(WHAT THE TASK ASKS)
Beginning with the line that holds "Bedside Lockers (x2)" and finishing with the line that holds "D.H.Burrell Overlook Mansion", repeat the listing exactly, leaving every picture out.

(DATA EXTRACT)
Segment Open
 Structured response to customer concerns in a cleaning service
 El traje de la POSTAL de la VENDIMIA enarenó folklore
Segment Closed
Segment Open
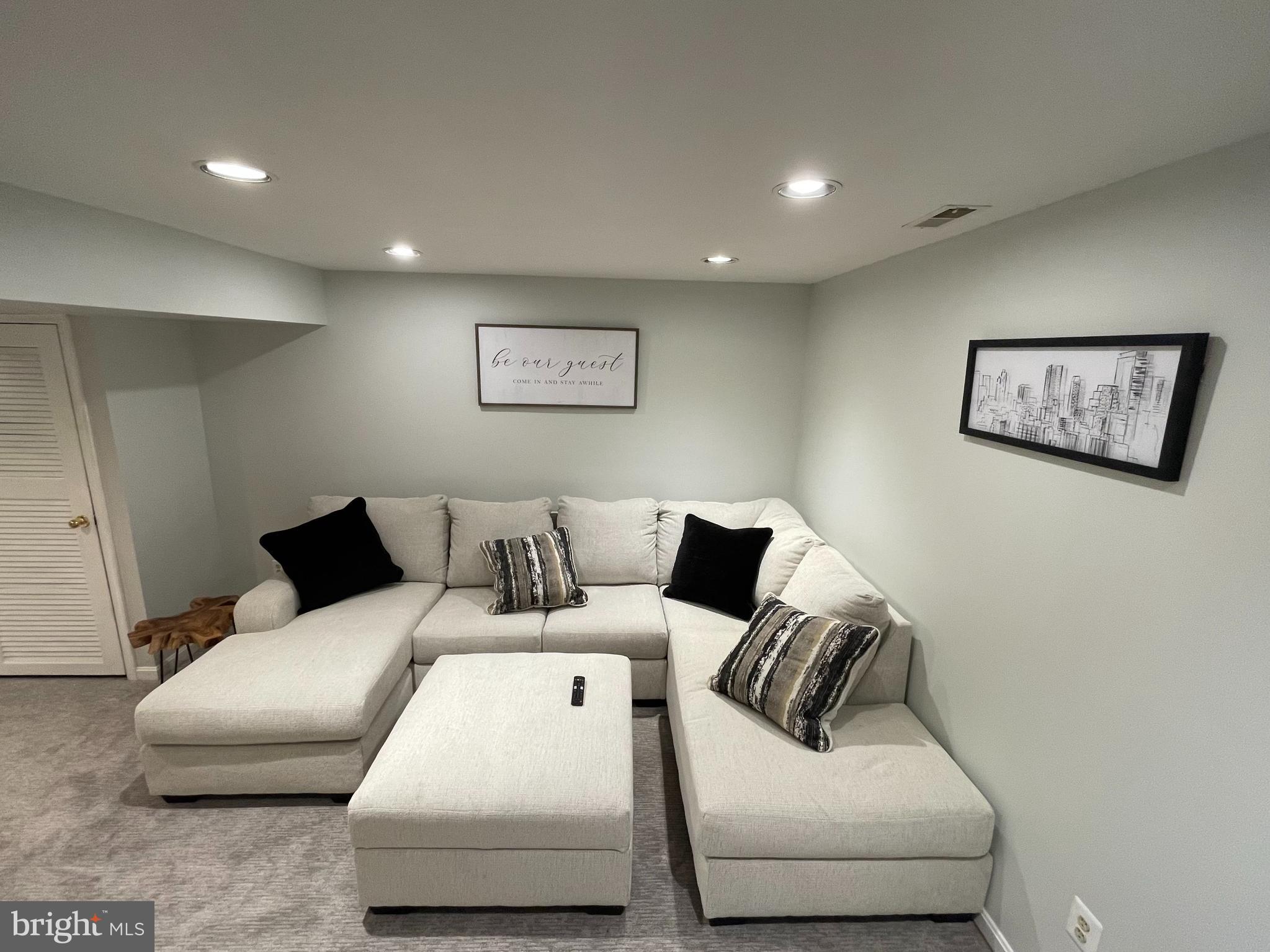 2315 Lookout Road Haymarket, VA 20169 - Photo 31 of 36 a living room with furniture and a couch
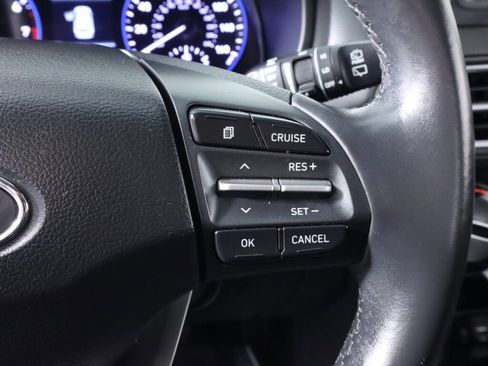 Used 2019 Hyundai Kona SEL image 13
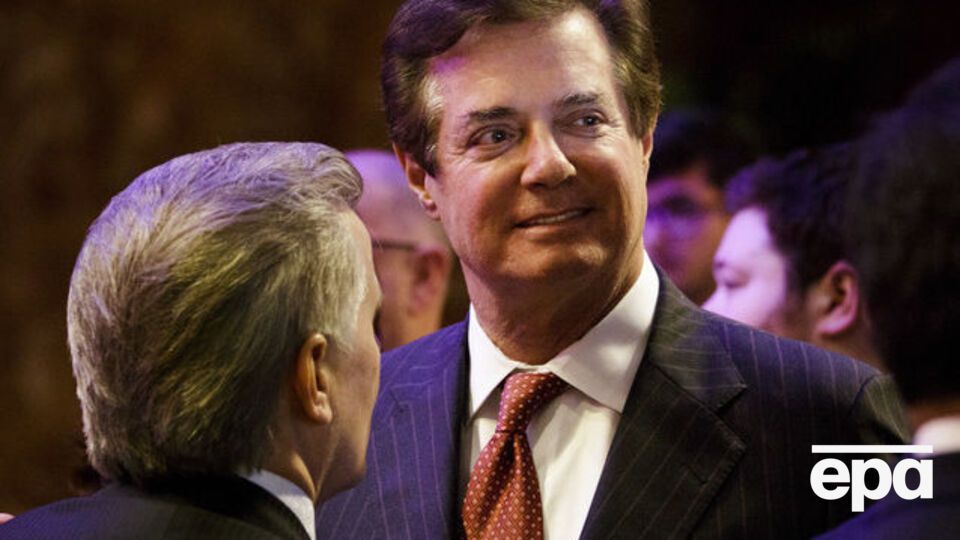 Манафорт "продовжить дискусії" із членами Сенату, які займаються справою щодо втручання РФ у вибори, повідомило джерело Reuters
Segment Closed
Segment Open
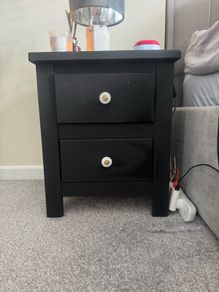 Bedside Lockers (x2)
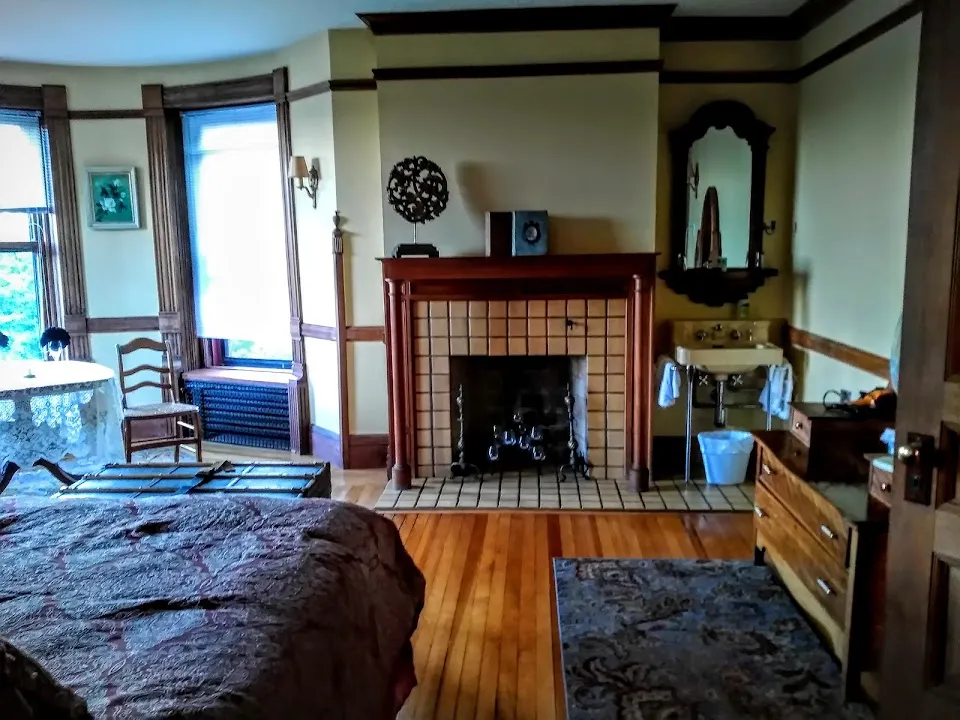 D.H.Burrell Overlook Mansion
Segment Closed
(TASK ANSWER)
 Bedside Lockers (x2)
 D.H.Burrell Overlook Mansion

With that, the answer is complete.